Keinginan yang Terkabul

Annisa Wicaksono
2 min readMar 10, 2021

--

Tuhan bisa saja mengabulkan seluruh keinginan kalian, tapi kalian akan sadar kalau keinginan itu ternyata memang sangat manis jika, di mimpi saja.

Bakat dan kelebihan adalah sesuatu yang aku anggap sangat tidak bisa diganggu gugat. Aku pun sering kali menyerah sebelum berperang ketika berhadapan dengan dua itu. Semua yang kulakukan, seluruh usaha dan kerja keras rasanya nihil jika dibandingkan dengan bakat. Seperti kita memulai di garis start yang berbeda. Menyakitkan.

Tuhan, aku harap aku bisa menjadi pintar..

Untuk itu, aku tidak ingin menjadi kalah. Bahkan ketika bakat-bakat tidak masuk akal itu datang, aku tidak ingin terlalu terlihat menyedihkan. Memaksa diri yang masih amat kecil untuk terus belajar, mengikuti berbagai macam kegiatan yang tidak tahu untuk apa di masa depan. Menulis, berbahasa asing, sempoa, menari, bimbel pelajaran. Wah, sibuk ya masa kecilku. Tapi itu semua menyenangkan, untuk doa yang aku ingin Tuhan kabulkan, aku ingin tunjukkan seluruh usahaku.

Tapi.. menjadi pintar tidak semenyenangkan itu. Orang akan berpikir kalau aku hanya pintar, atau memang sudah pintar dari lahir sehingga aku tidak tahu sulitnya mencerna pelajaran. Aku yang diberkahi otak encer ini mana tahu ada orang yang bahkan tidak mengerti apa yang guru tulis di papan tulis. Ternyata kelebihan itu menyiksa..

Dipandang tidak pernah merasa susah, dipandang sebagai anak kesayangan yang tidak tahu rasanya dimarahi ternyata menyebalkan. Harus berpindah satu kota ke kota lain selama SD membuat itu terasa semakin menyebalkan, kata mereka “Lihat anak kota sombong yang mentang-mentang pintar”.

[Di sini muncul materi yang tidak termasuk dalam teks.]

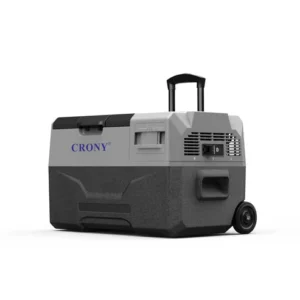 CRONY Car Refrigerator 30L CX30 ECX30 have not Lithium Battary car Cooler Camping Fridge Freezer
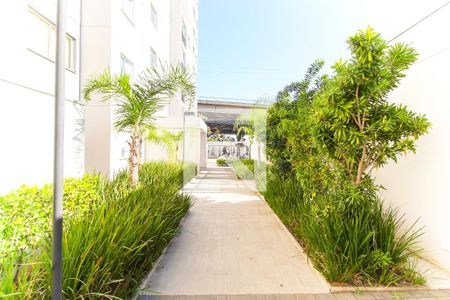 Apartamento para alugar com 37m², 2 quartos e sem vaga Apartamento para alugar com 37m², 2 quartos e sem vagaÁrea Comum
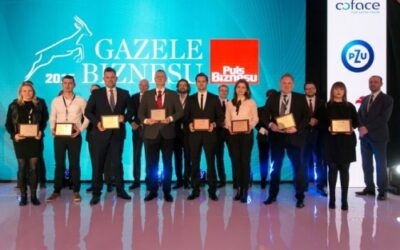 KH Odra Pak – Gazela Biznesu 2016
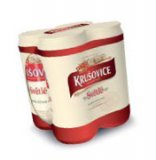 Pivo Krušovice 4x0,5 L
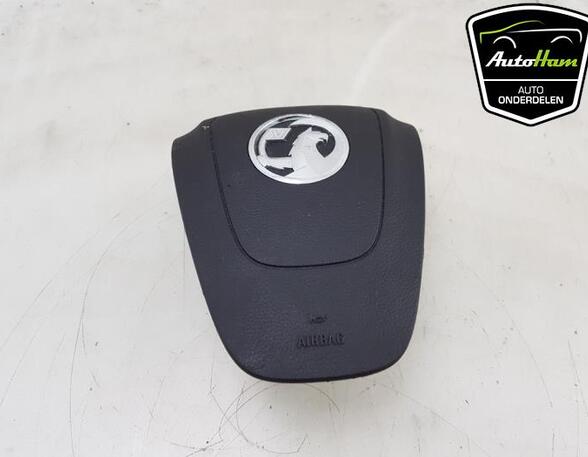 Driver Steering Wheel Airbag OPEL ZAFIRA TOURER C (P12)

Tuhan.. aku berharap aku menjadi bodoh saja…

Lalu.. ketika masuk ke jenjang SMA di mana semuanya berubah total. Aku bersekolah di tempat yang jauh dari rumah, lingkungan yang amat berbeda, juga orang-orang yang berbeda. Semua itu membuat pandanganku yang menyempit agak sedikit terbuka.

Aku harus menerima kenyataan bahwa aku bersekolah dengan anak-anak yang jauh lebih pintar, lebih rajin, dan yang pasti terlihat mempunyai tujuan hidup. Dengan sesuatu yang amat jauh berbeda, semuanya terasa semakin membuat pikiran dan tubuhku tidak bisa diajak bekerja sama. Aku hampir masuk rumah sakit setiap sebulan sekali.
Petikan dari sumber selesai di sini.